Problem description:
Below are lines of records; copy exactly those from the one containing "深圳世界之窗门票多少元" through the one containing "初中足球体育器材龙珠体育直播在线观看", leaving the pictures behind.
Top of Data provided
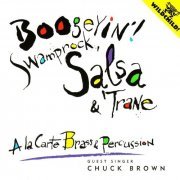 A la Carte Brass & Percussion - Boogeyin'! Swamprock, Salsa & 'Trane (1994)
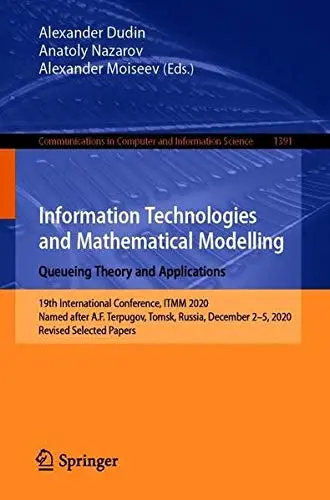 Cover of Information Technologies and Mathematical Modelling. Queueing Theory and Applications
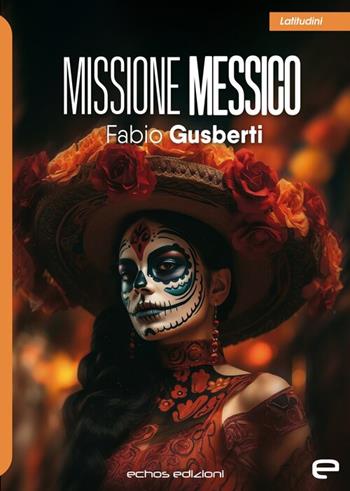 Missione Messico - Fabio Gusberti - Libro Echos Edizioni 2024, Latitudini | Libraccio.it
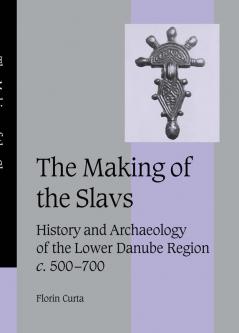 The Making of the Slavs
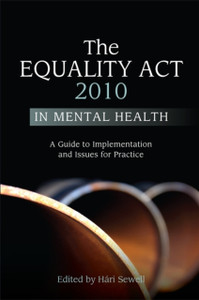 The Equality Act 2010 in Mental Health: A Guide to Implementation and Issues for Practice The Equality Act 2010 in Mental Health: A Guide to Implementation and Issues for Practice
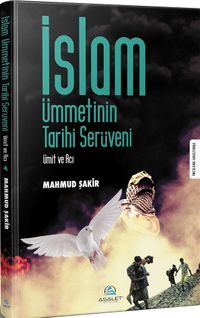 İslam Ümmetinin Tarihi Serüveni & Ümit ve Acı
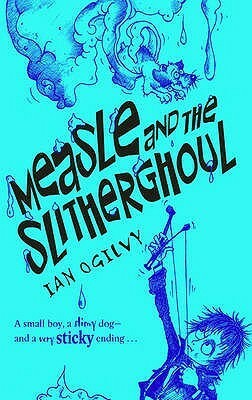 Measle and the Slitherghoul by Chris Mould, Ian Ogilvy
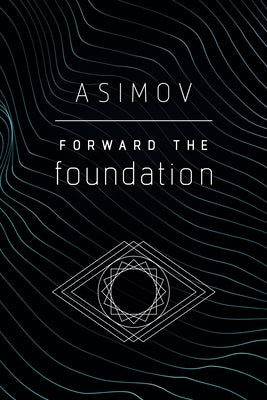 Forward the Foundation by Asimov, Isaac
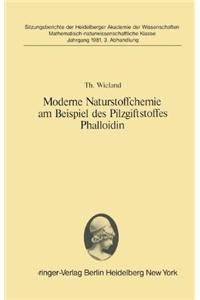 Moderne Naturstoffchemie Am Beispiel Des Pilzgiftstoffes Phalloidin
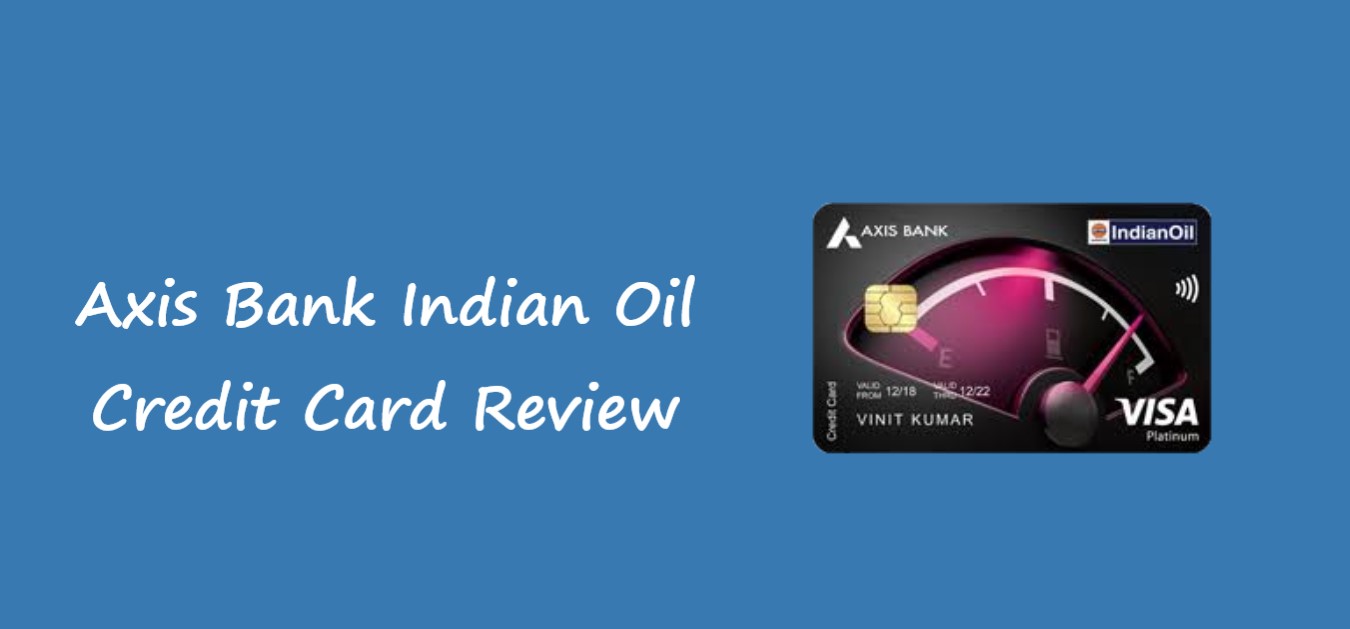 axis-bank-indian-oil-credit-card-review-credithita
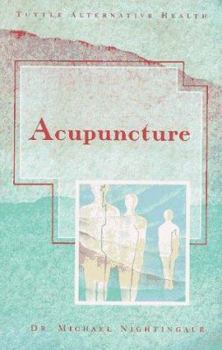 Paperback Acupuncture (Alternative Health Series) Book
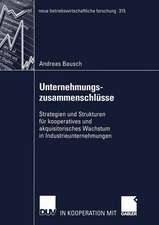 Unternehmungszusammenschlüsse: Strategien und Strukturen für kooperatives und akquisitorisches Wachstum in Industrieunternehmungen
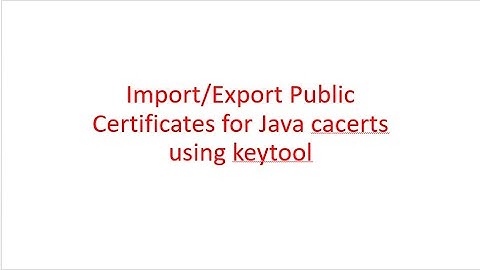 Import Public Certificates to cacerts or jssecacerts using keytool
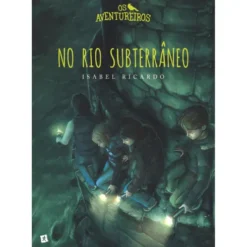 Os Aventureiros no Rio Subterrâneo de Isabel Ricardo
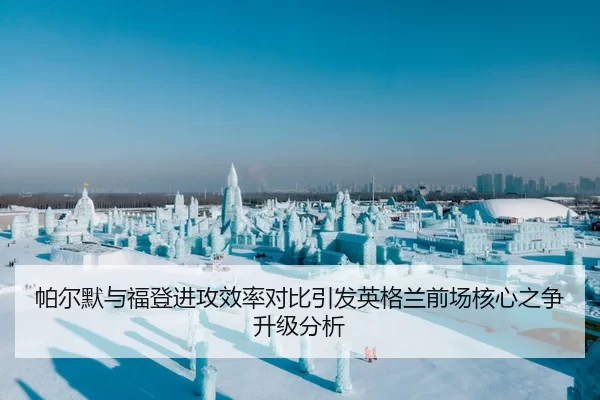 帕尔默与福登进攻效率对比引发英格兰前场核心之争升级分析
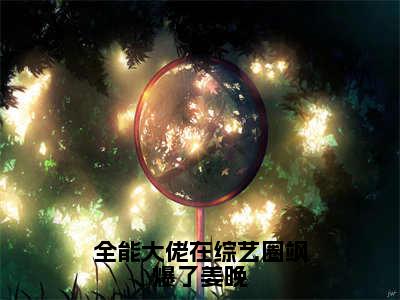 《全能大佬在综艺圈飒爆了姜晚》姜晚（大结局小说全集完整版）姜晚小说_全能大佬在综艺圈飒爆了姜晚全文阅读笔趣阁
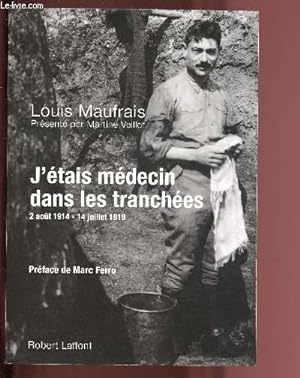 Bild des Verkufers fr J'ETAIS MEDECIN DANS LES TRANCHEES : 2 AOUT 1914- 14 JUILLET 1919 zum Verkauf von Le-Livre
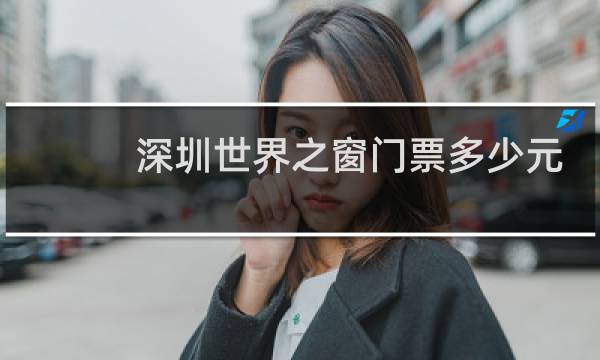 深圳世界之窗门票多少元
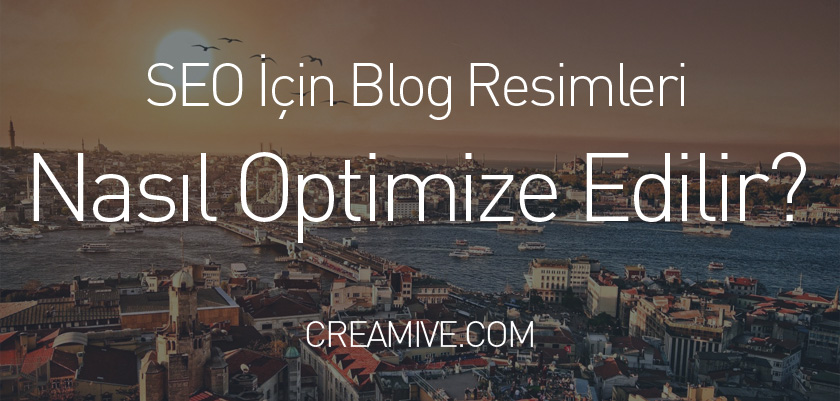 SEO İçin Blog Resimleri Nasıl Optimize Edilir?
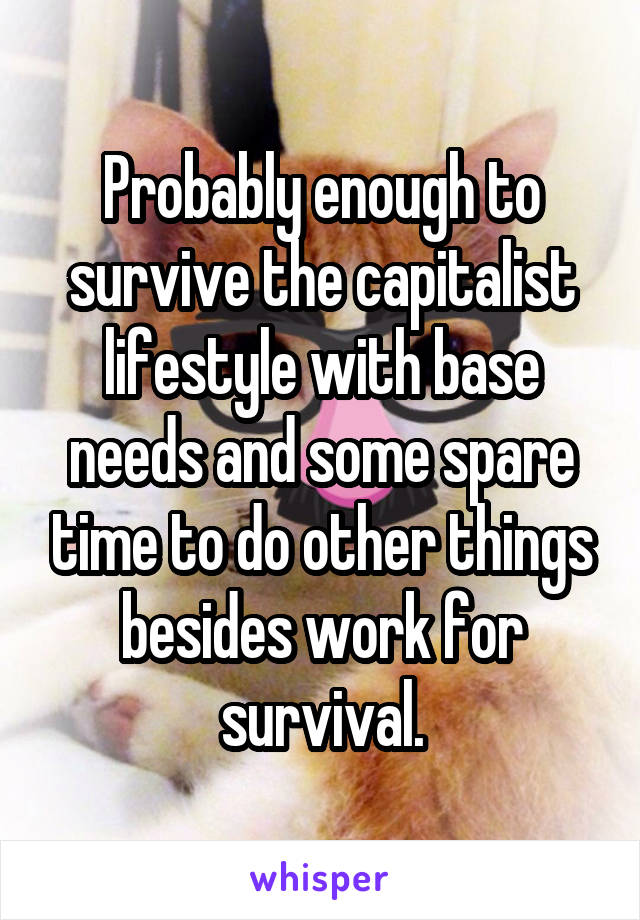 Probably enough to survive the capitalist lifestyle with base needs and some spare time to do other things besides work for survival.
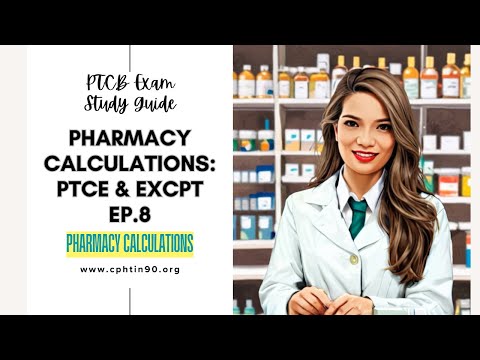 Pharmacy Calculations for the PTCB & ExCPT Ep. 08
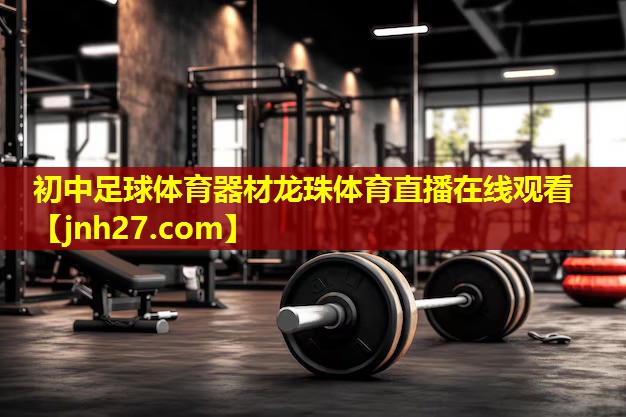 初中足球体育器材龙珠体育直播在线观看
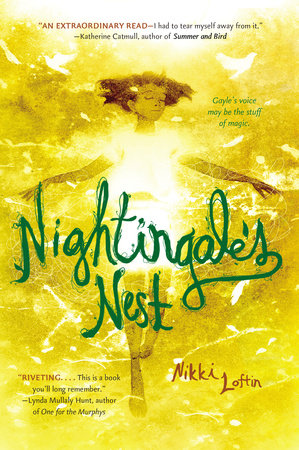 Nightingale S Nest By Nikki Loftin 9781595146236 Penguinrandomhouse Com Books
Bottom of Data provided
Exercise response:
 深圳世界之窗门票多少元
 SEO İçin Blog Resimleri Nasıl Optimize Edilir?
 Probably enough to survive the capitalist lifestyle with base needs and some spare time to do other things besides work for survival.
 Pharmacy Calculations for the PTCB & ExCPT Ep. 08
 初中足球体育器材龙珠体育直播在线观看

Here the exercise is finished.